Wyo. Stat. Ann. § 6-2-506(a)(i) (emphasis added). In Garton, 910 P.2d 1348, addressing
a challenge to Section 506(e)(iii) on the grounds that it was unconstitutionally vague, this
Court stated that use of the word “any” evidenced the legislature’s intent to give the
statute a “broad and comprehensive grasp.”
The language of Wyo. Stat. § 6-2-506(e)(iii) . . . is
clear and unambiguous in its provision that the offense is a
felony when “[t]he defendant committed the offense of
stalking in violation of any condition of probation, parole or
bail.” In addressing the meaning of the word “any” in McKay
v. Equitable Life Assurance Soc’y of the United States, 421
P.2d 166, 169 (Wyo. 1966), we said, “[t]he common and
ordinary understanding of the word is that it means all or
every.” We also said, “[n]ecessarily it gives to the language
employed a broad and comprehensive grasp.” McKay, 421
P.2d at 169. The clear language of the statute conveys the
legislative intent to give Wyo. Stat. § 6-2-506(e)(iii) a broad
and comprehensive grasp.
Id. at 1353. Similarly, the definition of a “course of conduct,” which focuses on a
“continuity of purpose” demonstrated by a series of acts occurring over “any period of
time,” evidences the legislature’s intent to give broad reach to the statute. If the
legislature had intended to limit the offense of felony stalking as suggested by Appellant,
it could easily have done so. However, the language employed by the legislature contains
no time restrictions with respect to the course of conduct requirement. Accordingly, we
find no basis to conclude that all of the acts comprising the “course of conduct” must be
commenced after the issuance of a court order prohibiting harassment of the victim.
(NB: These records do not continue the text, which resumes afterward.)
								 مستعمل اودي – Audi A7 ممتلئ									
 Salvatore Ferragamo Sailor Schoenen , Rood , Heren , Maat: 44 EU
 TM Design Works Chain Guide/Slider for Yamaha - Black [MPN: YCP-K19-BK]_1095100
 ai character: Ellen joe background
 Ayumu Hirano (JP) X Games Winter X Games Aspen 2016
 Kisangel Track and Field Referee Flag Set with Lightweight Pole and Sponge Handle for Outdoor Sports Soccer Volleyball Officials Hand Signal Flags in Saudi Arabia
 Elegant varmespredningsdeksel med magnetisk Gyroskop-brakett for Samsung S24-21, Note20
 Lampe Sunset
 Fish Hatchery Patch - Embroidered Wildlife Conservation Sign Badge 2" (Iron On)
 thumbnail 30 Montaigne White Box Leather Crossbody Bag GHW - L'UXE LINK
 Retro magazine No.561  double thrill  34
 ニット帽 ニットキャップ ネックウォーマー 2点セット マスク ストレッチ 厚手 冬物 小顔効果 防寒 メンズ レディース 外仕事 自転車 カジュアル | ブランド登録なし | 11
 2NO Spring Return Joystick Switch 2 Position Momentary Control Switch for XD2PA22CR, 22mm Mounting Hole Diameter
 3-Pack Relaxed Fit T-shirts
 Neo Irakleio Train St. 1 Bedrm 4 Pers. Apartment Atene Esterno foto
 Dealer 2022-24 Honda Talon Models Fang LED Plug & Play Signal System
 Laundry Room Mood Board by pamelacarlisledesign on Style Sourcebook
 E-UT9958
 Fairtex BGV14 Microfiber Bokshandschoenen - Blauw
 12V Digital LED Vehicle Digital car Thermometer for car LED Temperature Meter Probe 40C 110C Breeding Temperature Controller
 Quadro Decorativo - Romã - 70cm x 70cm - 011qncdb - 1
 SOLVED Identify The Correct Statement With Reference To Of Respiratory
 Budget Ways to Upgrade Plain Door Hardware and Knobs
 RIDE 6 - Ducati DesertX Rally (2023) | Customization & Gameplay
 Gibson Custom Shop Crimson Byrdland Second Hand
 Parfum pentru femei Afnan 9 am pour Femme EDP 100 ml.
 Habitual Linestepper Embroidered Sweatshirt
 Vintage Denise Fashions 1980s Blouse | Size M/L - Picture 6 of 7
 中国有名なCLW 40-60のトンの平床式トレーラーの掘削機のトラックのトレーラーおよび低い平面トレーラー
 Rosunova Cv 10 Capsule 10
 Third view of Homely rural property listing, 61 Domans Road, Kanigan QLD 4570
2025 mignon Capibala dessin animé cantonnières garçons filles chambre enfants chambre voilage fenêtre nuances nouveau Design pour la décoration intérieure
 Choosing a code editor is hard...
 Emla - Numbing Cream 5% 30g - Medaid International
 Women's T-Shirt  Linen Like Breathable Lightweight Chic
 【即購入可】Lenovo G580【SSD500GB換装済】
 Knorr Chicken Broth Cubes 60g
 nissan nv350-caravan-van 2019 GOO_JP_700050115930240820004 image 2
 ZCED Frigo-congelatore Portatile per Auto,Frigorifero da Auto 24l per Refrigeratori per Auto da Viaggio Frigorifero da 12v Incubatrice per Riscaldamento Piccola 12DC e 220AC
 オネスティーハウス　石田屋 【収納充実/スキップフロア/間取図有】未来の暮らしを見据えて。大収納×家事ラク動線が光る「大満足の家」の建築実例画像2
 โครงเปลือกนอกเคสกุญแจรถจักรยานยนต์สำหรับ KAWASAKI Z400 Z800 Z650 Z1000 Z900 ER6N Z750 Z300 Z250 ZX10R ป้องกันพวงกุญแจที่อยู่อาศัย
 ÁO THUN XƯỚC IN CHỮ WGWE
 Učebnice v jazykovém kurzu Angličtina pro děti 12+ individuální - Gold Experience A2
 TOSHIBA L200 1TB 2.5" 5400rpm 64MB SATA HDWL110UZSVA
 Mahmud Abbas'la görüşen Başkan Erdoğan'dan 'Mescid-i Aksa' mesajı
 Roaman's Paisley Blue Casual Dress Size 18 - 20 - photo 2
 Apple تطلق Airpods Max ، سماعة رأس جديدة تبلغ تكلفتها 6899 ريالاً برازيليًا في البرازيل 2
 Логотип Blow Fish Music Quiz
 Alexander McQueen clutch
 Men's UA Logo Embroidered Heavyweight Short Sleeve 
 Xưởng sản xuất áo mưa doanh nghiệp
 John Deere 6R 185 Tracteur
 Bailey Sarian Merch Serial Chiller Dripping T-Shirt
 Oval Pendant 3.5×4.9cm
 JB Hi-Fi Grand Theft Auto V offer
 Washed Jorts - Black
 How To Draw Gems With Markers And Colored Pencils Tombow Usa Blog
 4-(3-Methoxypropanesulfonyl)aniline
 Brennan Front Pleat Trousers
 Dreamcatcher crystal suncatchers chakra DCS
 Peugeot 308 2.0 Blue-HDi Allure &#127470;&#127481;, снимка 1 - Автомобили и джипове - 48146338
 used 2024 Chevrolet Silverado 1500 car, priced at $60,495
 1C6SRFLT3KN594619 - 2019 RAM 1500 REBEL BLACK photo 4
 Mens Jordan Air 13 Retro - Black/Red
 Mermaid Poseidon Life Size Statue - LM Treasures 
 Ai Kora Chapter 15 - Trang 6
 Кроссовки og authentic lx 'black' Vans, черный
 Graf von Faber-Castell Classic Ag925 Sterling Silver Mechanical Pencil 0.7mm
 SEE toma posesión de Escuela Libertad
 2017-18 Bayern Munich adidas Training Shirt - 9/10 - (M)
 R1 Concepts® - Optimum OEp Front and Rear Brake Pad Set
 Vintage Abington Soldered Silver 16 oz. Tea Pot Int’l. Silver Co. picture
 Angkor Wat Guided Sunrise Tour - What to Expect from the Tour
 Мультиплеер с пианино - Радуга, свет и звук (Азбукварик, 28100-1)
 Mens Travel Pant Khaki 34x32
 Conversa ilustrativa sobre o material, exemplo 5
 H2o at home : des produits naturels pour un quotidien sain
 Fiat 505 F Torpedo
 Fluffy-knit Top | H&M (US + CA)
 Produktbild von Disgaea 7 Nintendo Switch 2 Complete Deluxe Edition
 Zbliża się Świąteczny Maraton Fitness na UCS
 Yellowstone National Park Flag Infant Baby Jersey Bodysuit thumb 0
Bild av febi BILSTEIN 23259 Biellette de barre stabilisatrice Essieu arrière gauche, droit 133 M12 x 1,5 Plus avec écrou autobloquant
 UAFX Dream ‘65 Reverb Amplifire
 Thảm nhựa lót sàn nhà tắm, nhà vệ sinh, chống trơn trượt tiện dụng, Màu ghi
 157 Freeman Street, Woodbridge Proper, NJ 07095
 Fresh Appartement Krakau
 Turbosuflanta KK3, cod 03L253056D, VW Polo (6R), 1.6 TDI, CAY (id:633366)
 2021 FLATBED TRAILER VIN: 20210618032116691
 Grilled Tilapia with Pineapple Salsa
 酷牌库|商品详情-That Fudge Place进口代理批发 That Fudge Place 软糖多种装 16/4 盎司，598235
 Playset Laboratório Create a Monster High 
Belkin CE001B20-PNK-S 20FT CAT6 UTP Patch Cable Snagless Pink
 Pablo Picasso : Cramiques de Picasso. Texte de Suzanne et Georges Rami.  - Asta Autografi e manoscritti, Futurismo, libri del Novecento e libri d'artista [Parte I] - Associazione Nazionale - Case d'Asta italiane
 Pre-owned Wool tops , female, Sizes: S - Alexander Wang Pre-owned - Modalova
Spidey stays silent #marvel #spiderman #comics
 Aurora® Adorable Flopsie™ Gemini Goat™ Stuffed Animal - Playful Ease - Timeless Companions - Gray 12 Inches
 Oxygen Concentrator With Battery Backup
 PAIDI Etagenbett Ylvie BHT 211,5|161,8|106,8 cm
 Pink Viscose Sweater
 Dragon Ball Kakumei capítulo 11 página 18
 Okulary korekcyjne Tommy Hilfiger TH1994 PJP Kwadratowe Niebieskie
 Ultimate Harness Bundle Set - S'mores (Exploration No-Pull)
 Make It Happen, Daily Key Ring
[¶24] The “course of conduct” necessary for a felony stalking conviction under Wyo.
Stat. Ann. § 6-2-506(e)(iii) or (iv) may encompass acts of harassment occurring prior to
10
the issuance of an order proscribing contact with the victim. Under our interpretation of
the statute, the State was not required to demonstrate violations of multiple protection
orders in order to establish the course of conduct. However, Appellant’s separate
violations of the protection orders issued in this case, as well as his violation of the
conditions of his probation, nonetheless constituted acts of harassment relevant in
establishing a course of conduct occurring in violation of the December, 2009 protection
order. The district court did not abuse its discretion in allowing the State to amend the
felony information to include incidents of harassment occurring prior to entry of that
order.
Notice of Charges
[¶25] In his second issue, Appellant asserts that the information did not adequately
advise him of the charges against him because “As explained in the previous issue, the
charging document does not contain the correct elements of the crime.” Appellant
complains that he “was made to defend against any and all contact with his current, and
then later ex-wife, whether said contact was in violation of a protection order or not,
which had occurred between 2006 and 2010.” He asserts that there was insufficient
information to advise him of the charge against him because “most of the contact the
State identified [] to show the ‘course of conduct’ did not occur during the existence of a
protection or restraining order.”
[¶26] We employ a de novo standard of review to the issue of whether a defendant has
received adequate notice of the charges against him.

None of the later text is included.